Vote Will Transform Government for Battle Against Terrorism

David Firestone, The New York Times

The Senate voted yesterday to reorganize scattered elements of the federal government around the intensely focused goal of combating terrorism, approving the creation of a huge Department of Homeland Security in Washington’s biggest transformation in 50 years.

Ending months of rancorous debate on the new department, the Senate approved the bill on a 90-9 vote that disguised the deep misgivings many Democrats still harbor about President Bush’s design for the agency. Only after urgent phone calls from the president and last-minute promises by Republican leaders to eliminate several special-interest business provisions did wavering moderates from both parties agree to the final vote.

The House approved the same bill last week, and after a few technical differences between the bills are resolved by House leaders on Friday, the bill is expected to be on the president’s desk for signature before month’s end. Even so, it will likely be years before the new department has fully assumed all its functions. “We’re making great progress in the war on terror,” Bush told Senate Republicans in a conference call yesterday afternoon. “Part of that progress will be the ability for us to protect the American people at home. This is a very important piece of legislation. It is landmark in its scope.”

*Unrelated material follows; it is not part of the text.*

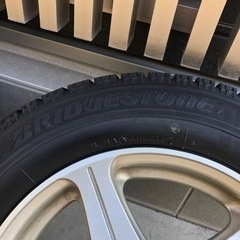 205/65R16 超バリ山スタッドレスタイヤ付きホイール4本 カムリ、ヤリスクロス、アルファード、エクストレイル、CRV等に！　ランクBの画像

Not since the Truman administration upended the nation’s defense apparatus to fight the Cold War in 1947 has the government been reshaped so dramatically around a single purpose. Once the department goes into existence 60 days from Bush’s signature, it will slowly begin to absorb 22 of Washington’s signature functions, including immigration, border protection, emergency management, intelligence analysis and the protection of the president himself.

The FBI and the CIA, the two most prominent anti-terrorism agencies, will not be moved to the new department. But the department will have a strong new intelligence division that will analyze many of the same threats to American soil examined by those agencies, and may even reach differing conclusions on which threats are the most serious.

A department work force that could eventually surpass 170,000 employees around the world will answer to a new Cabinet secretary, who will almost certainly be Tom Ridge, now the director of the White House homeland security office. The workers will be required to discard their old departmental loyalties and begin a new cooperation to prevent terrorist attacks and respond to those that occur.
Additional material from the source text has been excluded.